In view thereof, the Board of Directors of DCB, having taken into consideration of all aspects, has made the decision to temporarily cease the operation of SDTPL with effect from 30 November 2017 (“Proposed Temporary Cessation”).

Rationale for the Proposed Temporary Cessation
The Proposed Temporary Cessation will give the Shandong Government time to fully enforce the closure of small boilers.

Financial Effects
The Proposed Temporary Cessation is not expected to have any material effect on the earnings/loss per share and net assets per share of DCB for the financial year ending 31 December 2017.
The Proposed Temporary Cessation will not have any effect on the share capital, gearing and substantial shareholders’ shareholdings of DCB.

Directors' and/or Major Shareholders' Interests
None of the Directors, major shareholders of DCB and/or persons connected with them have any interest, direct or indirect, in the Proposed Temporary Cessation.

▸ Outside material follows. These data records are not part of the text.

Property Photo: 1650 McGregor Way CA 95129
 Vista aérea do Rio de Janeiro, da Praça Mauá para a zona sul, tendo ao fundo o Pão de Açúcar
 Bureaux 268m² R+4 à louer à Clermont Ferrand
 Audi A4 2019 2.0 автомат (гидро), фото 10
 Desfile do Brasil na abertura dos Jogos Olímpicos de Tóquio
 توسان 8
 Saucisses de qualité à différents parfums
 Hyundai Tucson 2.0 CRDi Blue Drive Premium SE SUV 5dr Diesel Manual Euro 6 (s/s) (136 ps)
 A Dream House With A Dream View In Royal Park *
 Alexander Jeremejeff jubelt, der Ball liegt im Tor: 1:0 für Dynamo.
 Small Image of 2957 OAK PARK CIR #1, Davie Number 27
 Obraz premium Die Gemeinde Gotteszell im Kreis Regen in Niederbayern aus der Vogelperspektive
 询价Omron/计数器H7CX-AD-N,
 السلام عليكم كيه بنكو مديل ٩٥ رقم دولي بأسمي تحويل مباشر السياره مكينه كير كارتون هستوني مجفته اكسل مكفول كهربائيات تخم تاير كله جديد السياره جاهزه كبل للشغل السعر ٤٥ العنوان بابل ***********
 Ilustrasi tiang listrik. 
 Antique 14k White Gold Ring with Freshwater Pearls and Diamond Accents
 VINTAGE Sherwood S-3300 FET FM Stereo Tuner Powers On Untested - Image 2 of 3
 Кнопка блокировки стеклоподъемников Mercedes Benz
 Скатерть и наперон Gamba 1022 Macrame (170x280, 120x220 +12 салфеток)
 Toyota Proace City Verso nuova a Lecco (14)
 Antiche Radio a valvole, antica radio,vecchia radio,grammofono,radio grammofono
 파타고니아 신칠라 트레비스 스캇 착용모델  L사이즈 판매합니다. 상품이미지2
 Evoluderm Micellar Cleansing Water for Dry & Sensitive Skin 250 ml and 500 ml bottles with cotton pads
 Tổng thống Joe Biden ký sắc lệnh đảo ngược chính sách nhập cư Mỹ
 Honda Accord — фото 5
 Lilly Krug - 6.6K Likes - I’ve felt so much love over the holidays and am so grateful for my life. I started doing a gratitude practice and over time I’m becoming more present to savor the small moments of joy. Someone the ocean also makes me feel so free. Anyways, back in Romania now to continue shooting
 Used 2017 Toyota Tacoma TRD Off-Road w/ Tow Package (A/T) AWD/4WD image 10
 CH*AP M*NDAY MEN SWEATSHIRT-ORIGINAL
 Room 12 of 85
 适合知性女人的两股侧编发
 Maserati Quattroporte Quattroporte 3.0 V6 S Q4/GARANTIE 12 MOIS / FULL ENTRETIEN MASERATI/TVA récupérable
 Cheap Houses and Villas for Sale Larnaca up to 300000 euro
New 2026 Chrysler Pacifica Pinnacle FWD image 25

Approvals and Application to Authorities
The Proposed Temporary Cessation is not subject to the approval of the shareholders or any relevant government authorities.

Statement by Directors
The Board of Directors of DCB, after having considered all aspects of the Proposed Temporary Cessation, is of the opinion that the Proposed Temporary Cessation is in the best interest of the Group.

This announcement is dated 29 November 2017.